Je donne un exemple pour illustrer mes propos: le Ministère des affaires étrangères a des traditions diplomatiques qui sont difficiles à appréhender par un intrus à cette communité, et surtout s’y accommoder très rapidement. Dans les cinquantes dernières, ceux qui ont été parachutés dans ce Ministère ont eu du mal à s’accrocher, malgré les mesures coercitives du régime autocratique. Je suggère que le postulant Samir Dilou (par ailleurs très brilliant, très éloquent dans ses interventions, et une étoile montante parmi les jeunes dirigeants nahdahouis) commence par être nommé Secrétaire d’État chargé, par exemple, des Affaires Maghrébines (notre voisinage le plus proche et le plus pressant à developper). En une année ou deux, il aura acquis une certaine expérience qui, si elle est concluante, lui permettrait de grimper les échelons, et pourquoi pas être nommé Ministre des Affaires Étrangères. Je ne citerai pas le cas des autres dirigeants nahdhaouis qui vont pratiquement sauter de la prison, de l’exil ou de l’isolement ou ils/elles étaient confinés vers un des Ministères, avant même de s’insérer dans la société et y retrouver leurs bons repères!

Par ailleurs, je ne sais pas si les dirigeants d’Ennahdha sont rompus avec les pièges et les petits “trucs” de la chose politique. Il y a un arsenal et un jargon de termes politiques dont les politiciens de notre temps doivent s’en armer: le “hors contexte”, la “théorie de conspiration”, le “politiquement correct”, le “dérobage”, que sais-je … La politique est un terrain de sable mouvant pour les honnêtes et les intègres.
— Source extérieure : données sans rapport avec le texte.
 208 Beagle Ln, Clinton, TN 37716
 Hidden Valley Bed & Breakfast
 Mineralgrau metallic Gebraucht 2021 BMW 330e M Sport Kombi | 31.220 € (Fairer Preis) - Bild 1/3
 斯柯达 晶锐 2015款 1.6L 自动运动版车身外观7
Les nahdhaouis ont besoin de s’y initier à petite dose, sinon ils vont tout de suite perdre leurs âmes!

En un mot, si les dirigeants d’Ennahdha postulent pour plus de trois ou quatre postes, je serais tres deçu et je vais avoir peur pour la Tunisie nouvelle (ils doivent choisir des compétences confirmées et qui respectent les principes et les valeurs d’Ennahdha). Les autres partis, notamment les “modernistes” et autres “eradictionistes”, vont les boycotter et vont être aux aguets pour toute erreur, soit-elle minime. Ennahdha, non outillée pour déjouer les pièges tendus, va en pâtir, et malheureusement toute la Tunisie aussi. Ainsi, on aura gaspillé une chance historique de faire de la Tunisie un modèle de reconciliation de son identité Arabo-Musulmane avec les avancées humaines (la modernité, pour les uns), que tout le reste du monde attend de voir avec impatience. J’espère me tromper, mais mon expérience antérieure de haut fonctionnaire Tunisien me laisse tres sceptique si cet assaut des dirigeants nahdahouis vers des postes, pour lesquels ils ne sont pas bien préparés, se réalise.
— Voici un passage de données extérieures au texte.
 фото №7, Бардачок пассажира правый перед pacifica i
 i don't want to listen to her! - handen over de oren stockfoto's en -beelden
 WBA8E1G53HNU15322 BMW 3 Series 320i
Malheureusement, il y a lieu de constater que le magnétisme du pouvoir n’a jamais cessé d’attirer les gens de tout bord, et si les dirigeants nahdhaouis prendraient 11 postes ministériels, ils ne vont échapper d’y succomber! J’espère que mon appel sera entendu par mes compatriotes, notamment les braves dirigeants d’Ennahdha.